▶ [Task details]:
This exercise calls for the whole listing to be given again exactly, without images.

▶ [Task inputs]:
--- START ---

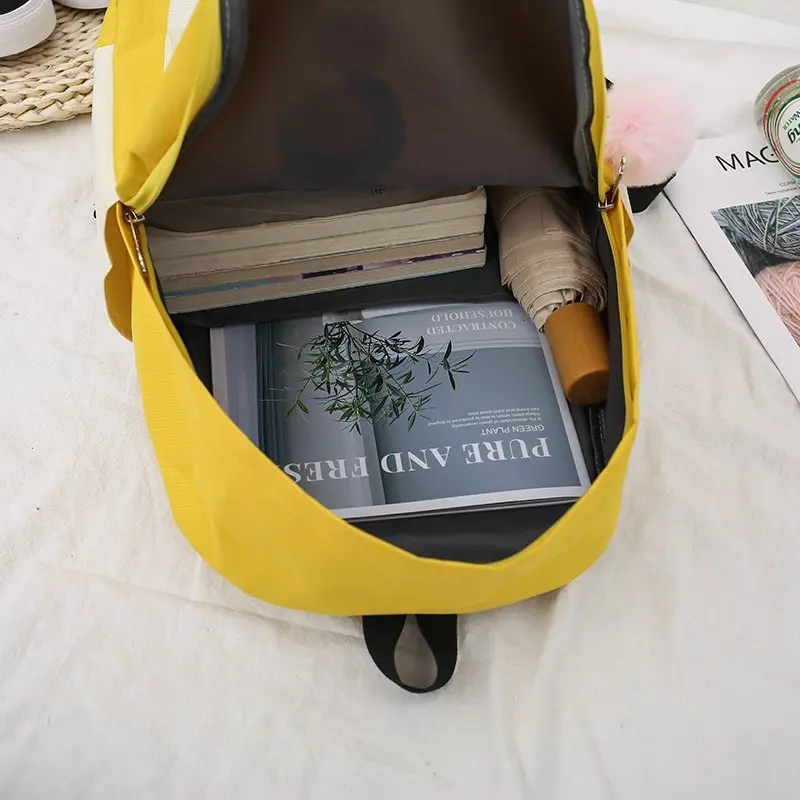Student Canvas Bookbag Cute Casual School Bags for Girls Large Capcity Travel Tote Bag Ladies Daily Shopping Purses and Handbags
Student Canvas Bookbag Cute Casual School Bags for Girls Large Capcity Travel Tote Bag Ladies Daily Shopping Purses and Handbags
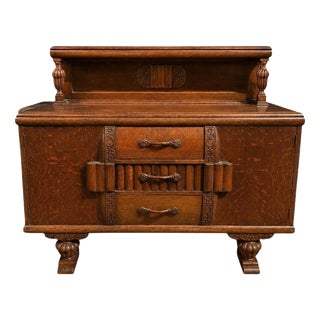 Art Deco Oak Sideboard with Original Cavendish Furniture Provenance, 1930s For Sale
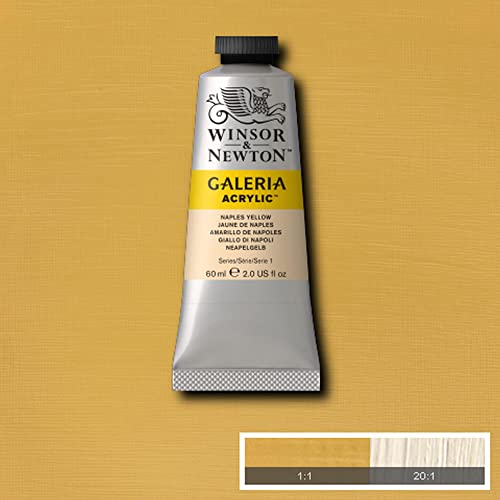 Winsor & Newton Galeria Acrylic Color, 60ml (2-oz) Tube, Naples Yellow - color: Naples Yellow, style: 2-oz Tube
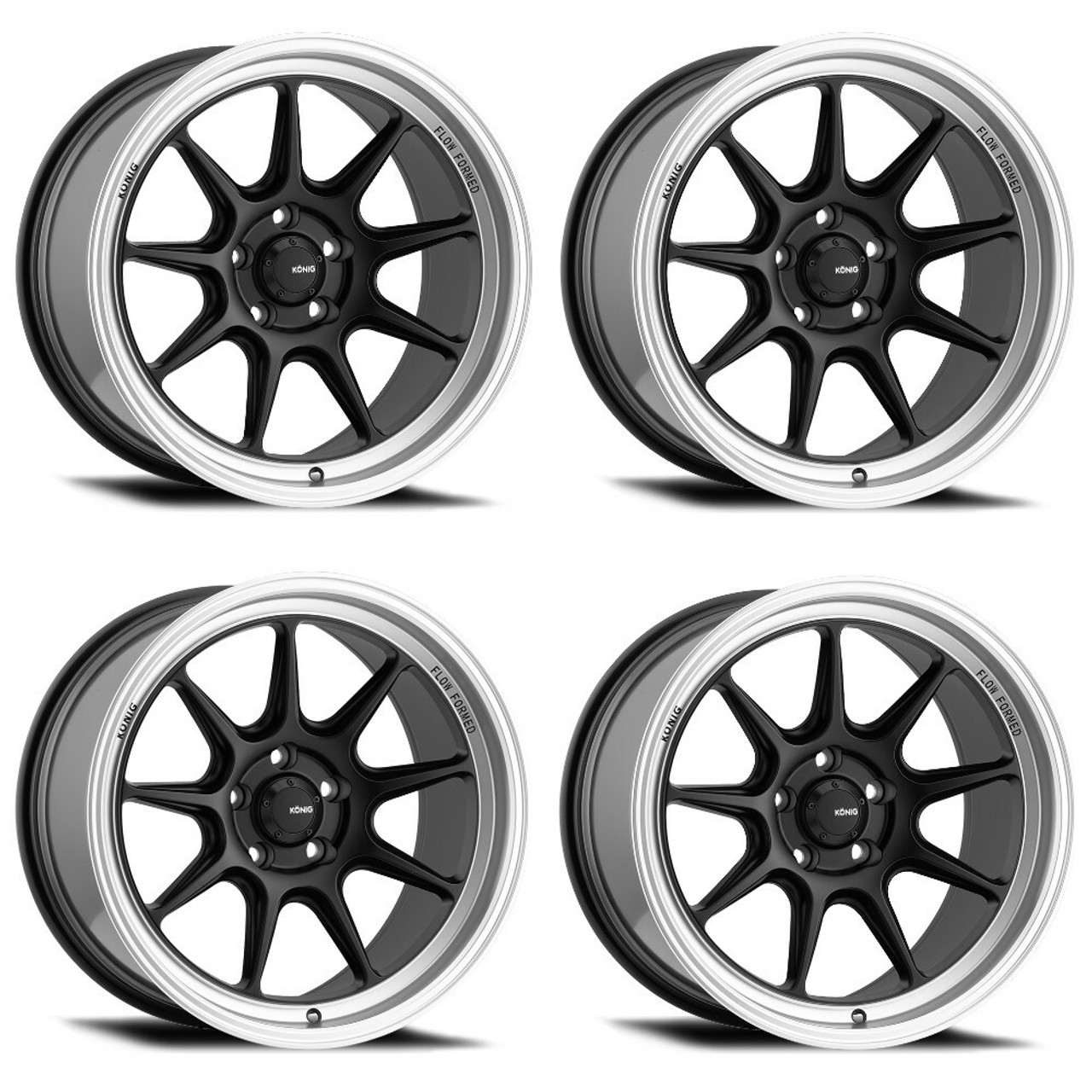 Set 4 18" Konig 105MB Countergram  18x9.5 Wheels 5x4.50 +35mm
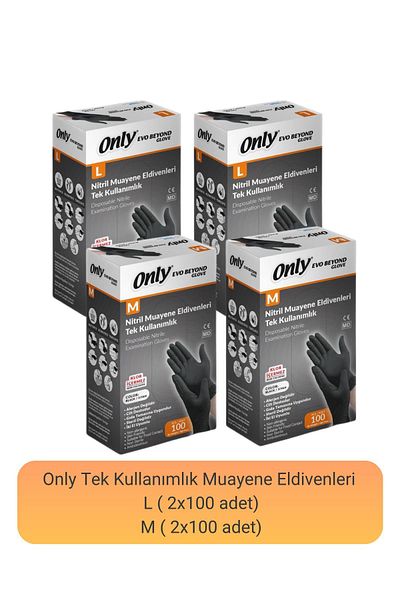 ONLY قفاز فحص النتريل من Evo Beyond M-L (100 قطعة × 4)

--- END ---

▶ [Solution to the exercise]:
Student Canvas Bookbag Cute Casual School Bags for Girls Large Capcity Travel Tote Bag Ladies Daily Shopping Purses and Handbags
Student Canvas Bookbag Cute Casual School Bags for Girls Large Capcity Travel Tote Bag Ladies Daily Shopping Purses and Handbags
 Art Deco Oak Sideboard with Original Cavendish Furniture Provenance, 1930s For Sale
 Winsor & Newton Galeria Acrylic Color, 60ml (2-oz) Tube, Naples Yellow - color: Naples Yellow, style: 2-oz Tube
 Set 4 18" Konig 105MB Countergram  18x9.5 Wheels 5x4.50 +35mm
 ONLY قفاز فحص النتريل من Evo Beyond M-L (100 قطعة × 4)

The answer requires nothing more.